What is required -> Return only that part of the material below which starts with the line containing "july 4th bummines" and goes on through the line containing "www.houseinfo.", restated exactly.

Record extracts ->
*** Begin section ***
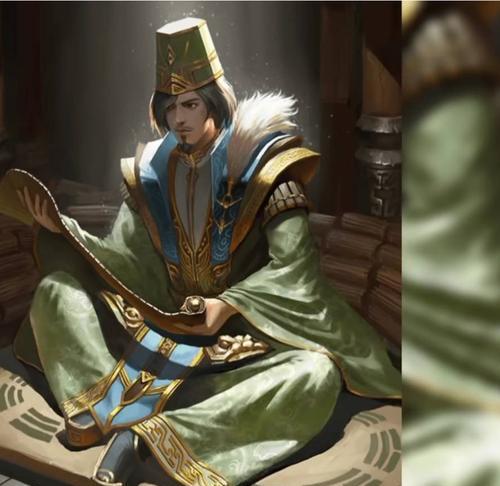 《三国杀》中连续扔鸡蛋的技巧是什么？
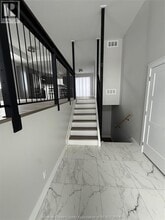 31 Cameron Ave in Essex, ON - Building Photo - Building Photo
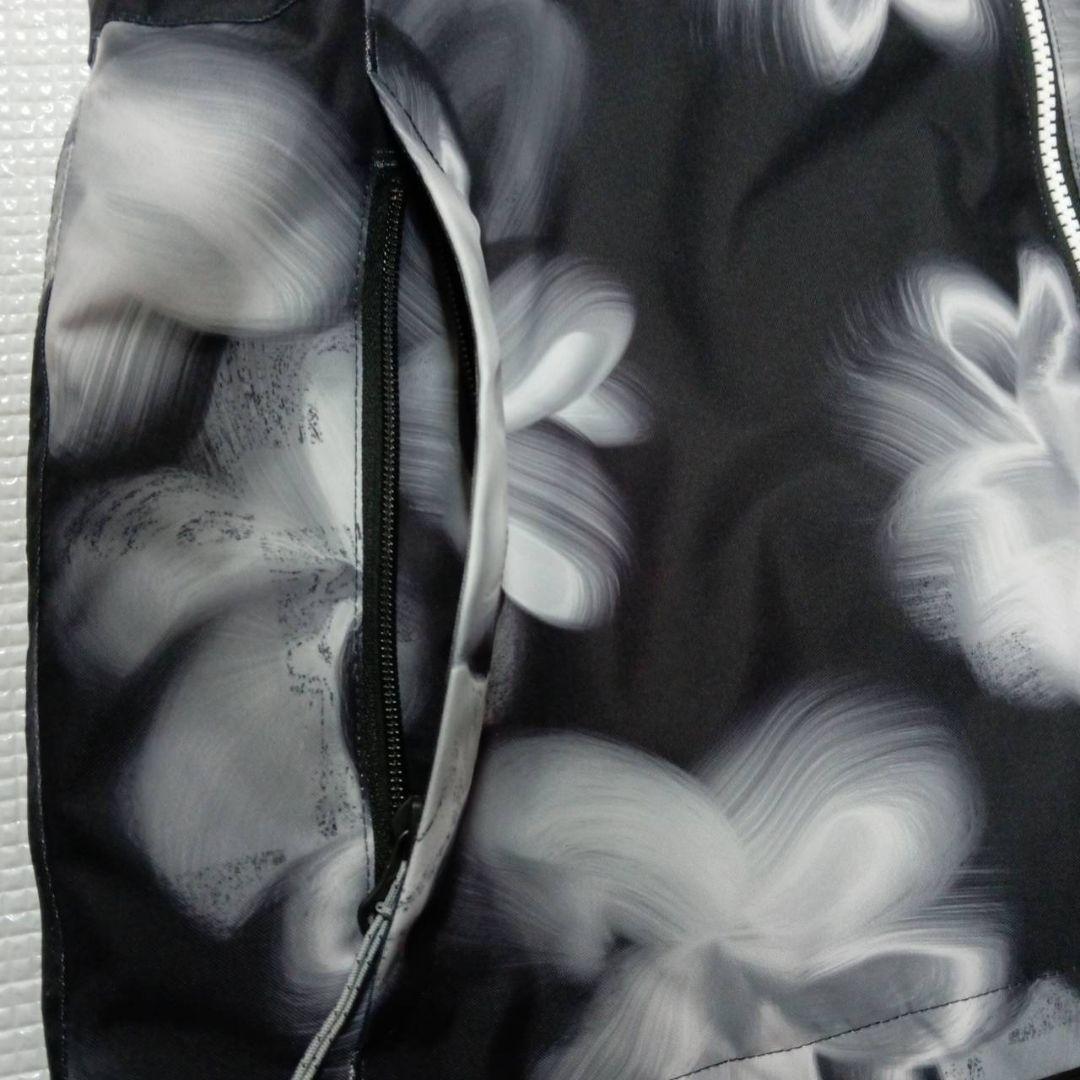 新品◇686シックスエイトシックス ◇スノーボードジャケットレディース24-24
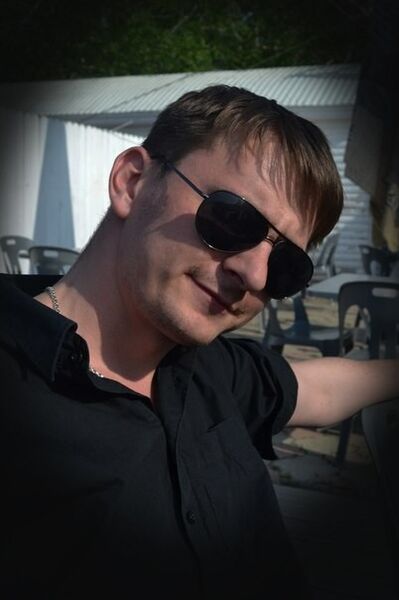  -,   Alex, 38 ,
*** End section ***
*** Begin section ***
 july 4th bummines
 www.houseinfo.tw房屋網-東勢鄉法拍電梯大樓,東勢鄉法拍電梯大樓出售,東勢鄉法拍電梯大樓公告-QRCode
*** End section ***
*** Begin section ***
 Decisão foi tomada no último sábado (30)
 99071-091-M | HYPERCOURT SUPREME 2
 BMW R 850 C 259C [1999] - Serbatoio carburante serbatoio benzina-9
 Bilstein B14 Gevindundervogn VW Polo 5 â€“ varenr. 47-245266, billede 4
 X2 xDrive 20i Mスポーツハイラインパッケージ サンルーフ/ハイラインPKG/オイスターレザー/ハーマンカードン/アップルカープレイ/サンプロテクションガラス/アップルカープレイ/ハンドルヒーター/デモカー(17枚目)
*** End section ***
Finished task ->
 july 4th bummines
 www.houseinfo.tw房屋網-東勢鄉法拍電梯大樓,東勢鄉法拍電梯大樓出售,東勢鄉法拍電梯大樓公告-QRCode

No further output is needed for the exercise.